Sette statue a grandezza naturale incarnano lo strazio seguito alla morte del Signore. Al centro e a terra giace il corpo di Cristo immobile, da poco deposto dalla croce, con la testa ancora trafitta dalla corona di spine, ma già composto su una lettiga, con un prezioso cuscino verosimilmente, in vista dell’imminente trasporto al vicino sepolcro. Le concitate ore della Passione, l’orrore e l’agonia consumatasi sul Calvario rendono ancora più traumatico per la Madre e gli amici contemplare quel corpo amato e martoriato sapendo che di lì a poco dovranno separarsene. Chiunque abbia vissuto un lutto si riconoscerà in quell’ultimo saluto – desiderato e doloroso – alle spoglie mortali di chi ci ha lasciato, l’ultimo sguardo a un volto con cui abbiamo riso e condiviso, ma che non può più vederci (almeno, non con gli occhi del corpo) e che tra poco neanche noi vedremo più, una volta sigillata la pietra sepolcrale. Assistiamo qui al lutto dei lutti, alla morte delle morti – in duplice senso: la morte di Dio che assomma in sé quella di ogni uomo e che al contempo sconfigge e vanifica ogni morte.

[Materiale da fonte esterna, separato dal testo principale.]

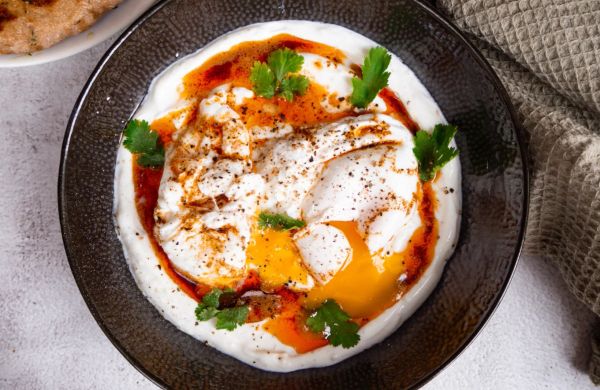 Turecké vajcia s domácim chlebom pita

A far da tramite tra i nostri lutti e il loro, c’è Giuseppe d’Arimatea, fisicamente e visivamente rivolto verso lo spettatore. Al centro c’è Giovanni, l’apostolo prediletto, con una mano sul volto a trattenere una smorfia di dolore. Dolore non trattenuto, anzi esploso nelle donne, a partire dalla Vergine Maria, che sembra far leva sulle mani giunte e torce il busto, riflettendo in tutta la sua persona il grido accorato alla vista di quel corpo esanime che un tempo aveva portato in grembo. Ma dal lato opposto all’immobile Giuseppe d’Arimatea vi è lo scatto fulmineo di Maria Maddalena, accentuato dal panneggio che pare portato dal vento, emettendo un grido impietosamente fissato nei secoli.
Un grido paradossalmente muto e assordante, che la materia custodisce e immobilizza come un fotogramma simile a quello strazio del cuore che a un certo punto esaurisce la voce e le lacrime.
Poi tutto tace. E nel muto dolore si apre una breccia che lascia presagire la speranza della Risurrezione.